Can you elaborate further?

My understanding of the early Universe puts stars as the first massive objects able to form due to gravitational attraction of hydrogen gas (once the Universe had cooled sufficiently to allow recombination.) My understanding is quite limited as a novice but I have recently finished The First Three Minutes so have a basic laymans knowledge.

How can BH's form prior to massive objects? What mechanism is proposed for this? My current understanding only places massive stars as being sufficiently massive and sufficiently dense to allow for a core collapse resulting in BH formation?

Are you referring to very small BH's with very short lifespans?

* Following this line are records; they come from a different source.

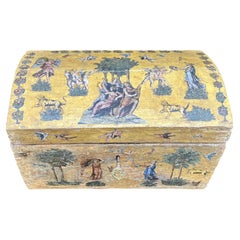 Yellow Lacca Povera Box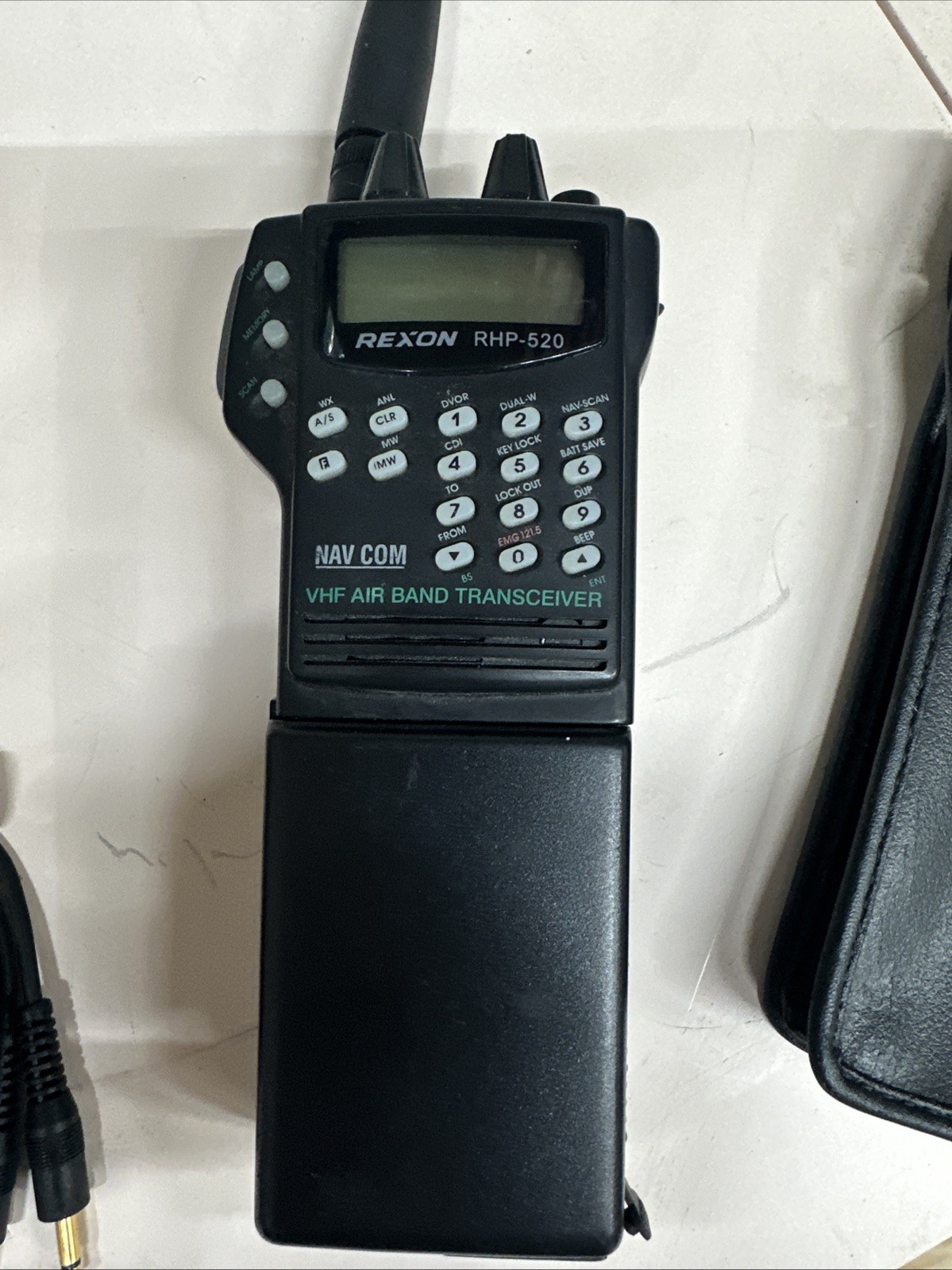 Rexon RHP-520 NAV COM AIRBAND TRANSCEIVER Parts Only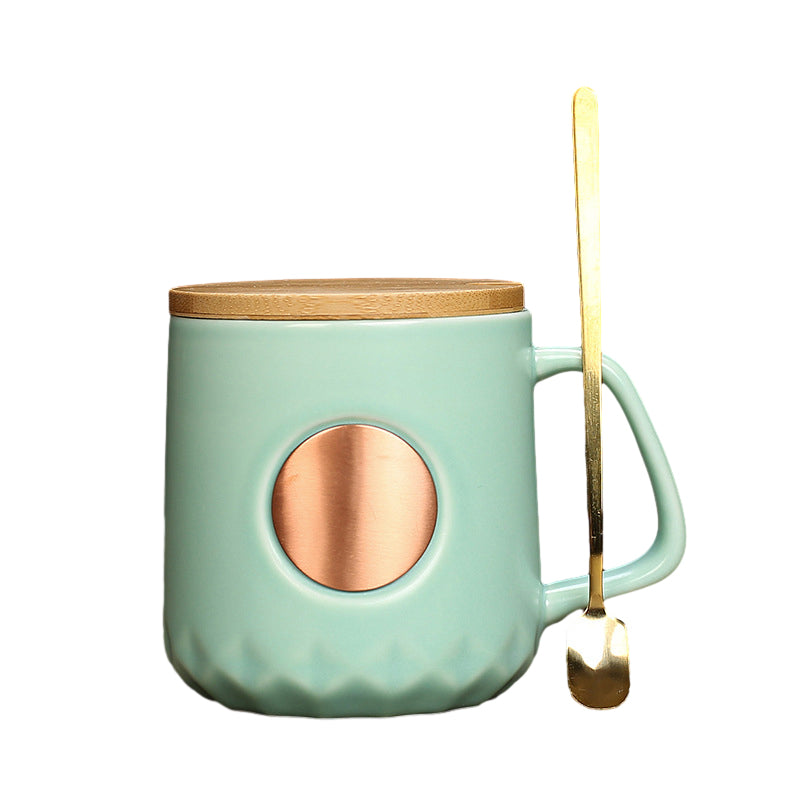 Bronze Creative Cup for Starbucks Lovers-Orizon Depot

Your insight is greatly appreciated.
 
"One key aspect to the early Universe is that the gas available to make stars did not have metals (which, to astronomers, mean every element except hydrogen and helium), since metals came later as a result of nuclear fusion in the stars themselves. This effectively made cooling of gas slow and is thought to have lead to a comparitively larger proportion of massive stars; some of which exceded several hundred times the mass of the sun. By comparison, we are only aware of stars reaching ~150 times the mass of the sun in the nearby Universe. The question about how many black holes would have formed is of significant debate and currently a topic of theoretical astronomy. It is likely, however, that in the early Universe, when the size of the Universe was small compared to today, many of these first black holes merged to give rise to increasingly more massive black holes. These massive black holes could then quickly "sink" to the centers of what would become the galaxies. This is a leading theory for how the supermassive black holes, commonly found at the centers of galaxies, formed over cosmic history." From NASA's Ask A Astrophysicist, February 16, 2011: http://imagine.gsfc.nasa.gov/docs/ask_astro/answers/110216a.html

Perhaps there is new information about black holes since February 2011.:smile:
 
It is also possible that black holes can form very early in the universe shortly after the big bang [primordial black holes].
 
Thanks yenchin:smile: Foremost, we know black holes exist. I was just reading about the black hole in our galaxy.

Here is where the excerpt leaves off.